Adding a datacenter to a cluster

Steps for adding a datacenter to an existing cluster.

Steps for adding a datacenter to an existing cluster.

The location of the cassandra.yaml file depends on the type of installation:
Package installations /etc/cassandra/cassandra.yaml
Tarball installations install_location/resources/cassandra/conf/cassandra.yaml

Procedure

Be sure to install the same version of Cassandra as is installed on the other nodes in the cluster.
  1. Ensure that you are using NetworkTopologyStrategy for all of your keyspaces.
  2. For each node, set the following properties in the cassandra.yaml file:
    1. Add (or edit) auto_bootstrap: false.
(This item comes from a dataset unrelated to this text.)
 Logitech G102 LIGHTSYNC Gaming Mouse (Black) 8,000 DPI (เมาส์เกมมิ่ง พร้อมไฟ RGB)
      By default, this setting is true and not listed in the cassandra.yaml file. Setting this parameter to false prevents the new nodes from attempting to get all the data from the other nodes in the datacenter. When you run nodetool rebuild in the last step, each node is properly mapped.

    2. Set other properties, such as -seeds and endpoint_snitch, to match the cluster settings.

      For more guidance, see Initializing a multiple node cluster (multiple datacenters).

      Note: Do not make all nodes seeds, see Internode communications (gossip).
    3. If you want to enable vnodes, set num_tokens.
      Important: Do not set the initial_token parameter.
  3. Update the relevant property file for snitch used on all servers to include the new nodes. You do not need to restart.
  4. Ensure that your clients are configured correctly for the new cluster:
    • If your client uses the DataStax Java, C#, or Python driver, set the load-balancing policy to DCAwareRoundRobinPolicy See the API documentation in the relevant documentation.
    • If you are using another client such as Hector, make sure it does not auto-detect the new nodes so that they aren't contacted by the client until explicitly directed. For example if you are using Hector, use sethostConfig.setAutoDiscoverHosts(false);. If you are using Astyanax, use ConnectionPoolConfigurationImpl.setLocalDatacenter("<datacenter name">) to ensure you are connecting to the specified datacenter.
    • If you are using Astyanax 2.x, with integration with the DataStax Java Driver 2.0, you can set the load-balancing policy to DCAwareRoundRobinPolicy by calling JavaDriverConfigBuilder.withLoadBalancingPolicy().
      AstyanaxContext<Keyspace> context = new AstyanaxContext.Builder()
          ...
          .withConnectionPoolConfiguration(new JavaDriverConfigBuilder()
              .withLoadBalancingPolicy(new TokenAwarePolicy(new DCAwareRoundRobinPolicy()))
              .build())
          ...
  5. If using a QUORUM consistency level for reads or writes, check the LOCAL_QUORUM or EACH_QUORUM consistency level to see if the level meets your requirements for multiple datacenters.
  6. Start Cassandra on the new nodes.
  7. After all nodes are running in the cluster:
    1. Change the keyspace properties to specify the desired replication factor for the new datacenter.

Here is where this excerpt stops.